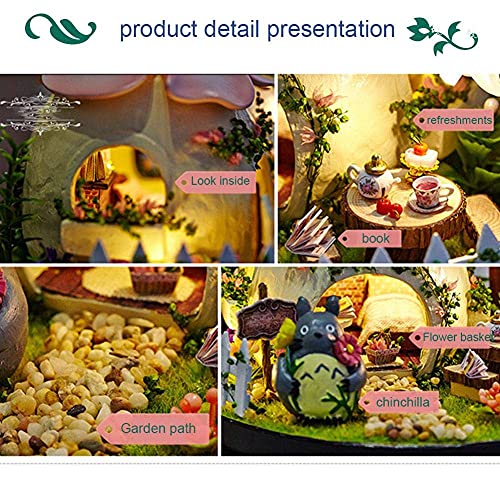 3D-Holzpuppenhaus Mit Staubschutz Miniatur-Garten-Puppenhaus-Gebäudemodell Mit Möbeln Und Led-Licht Für Kinder Und… – Bild 7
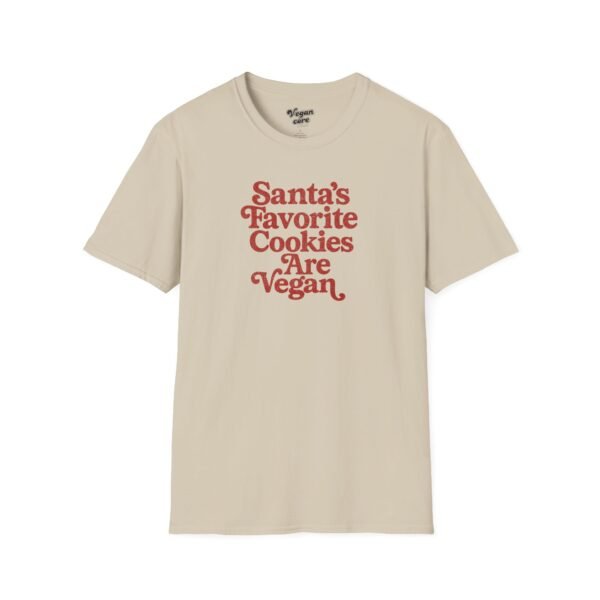Santa's Favorite Cookies Are Vegan Retro Holiday Typography - Softstyle Cotton Unisex Tee
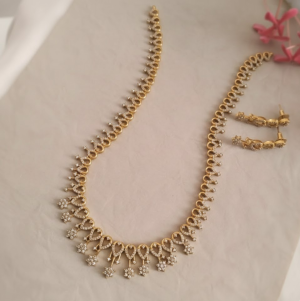 Long CZ stone necklace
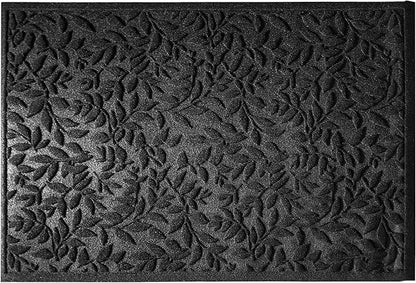 Black Leaves Outdoor Indoor Entrance Door mat, Absorbent Durable Heavy Duty Welcome Front Door Mat,Thick Natural Rubber Back,Easy Clean Entryway Mat 47x32 Inch, Low Profile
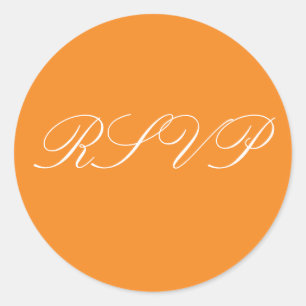 Orange Wedding RSVP Stickers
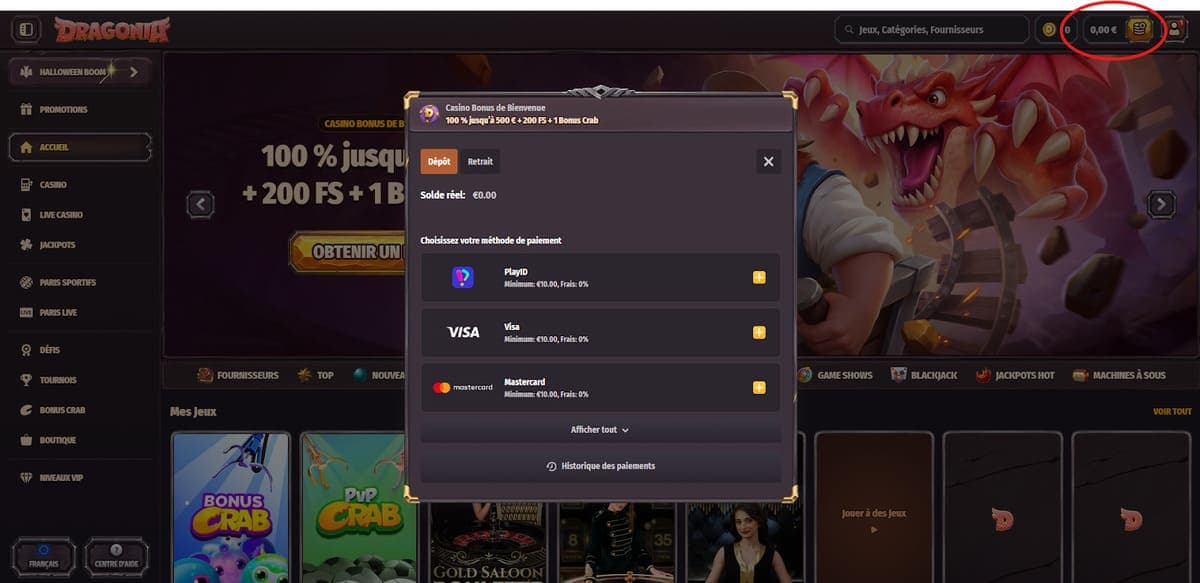 Dépôt Dragonia Casino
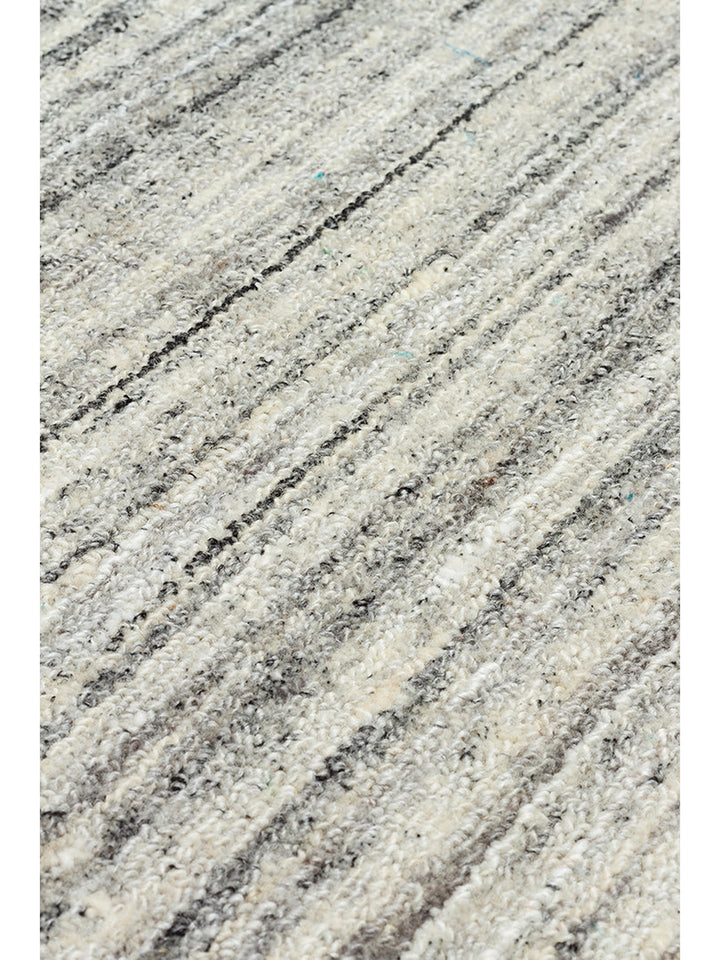 Helsinki Serisi %100 Naturel Yün ve Viskon El Dokuma Modern İskandinav Salon Oturma Odası Halı GREY - Carpetdocia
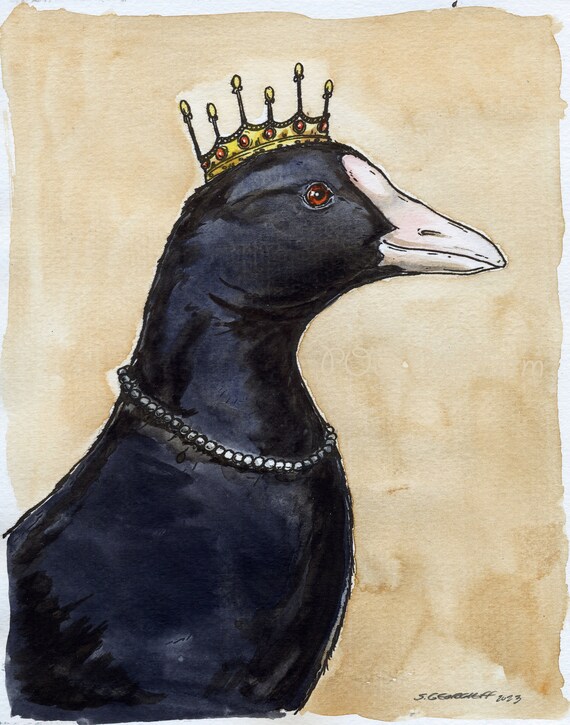 A Royal Eurasian Coot Queen  (an original hand painted queen)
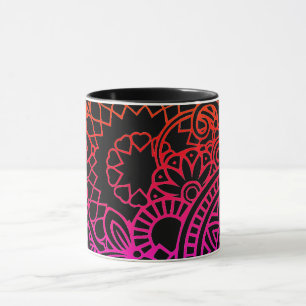 Taza Flores Naranjas Purpura y Fondo Negro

**PROBLEM TO SOLVE:** Copy out all the data exactly. The images should not appear in the copy.

**RESPONSE TO THIS EXERCISE:**
 3D-Holzpuppenhaus Mit Staubschutz Miniatur-Garten-Puppenhaus-Gebäudemodell Mit Möbeln Und Led-Licht Für Kinder Und… – Bild 7
Santa's Favorite Cookies Are Vegan Retro Holiday Typography - Softstyle Cotton Unisex Tee
 Long CZ stone necklace
 Black Leaves Outdoor Indoor Entrance Door mat, Absorbent Durable Heavy Duty Welcome Front Door Mat,Thick Natural Rubber Back,Easy Clean Entryway Mat 47x32 Inch, Low Profile
 Orange Wedding RSVP Stickers
 Dépôt Dragonia Casino
 Helsinki Serisi %100 Naturel Yün ve Viskon El Dokuma Modern İskandinav Salon Oturma Odası Halı GREY - Carpetdocia
 A Royal Eurasian Coot Queen  (an original hand painted queen)
 Taza Flores Naranjas Purpura y Fondo Negro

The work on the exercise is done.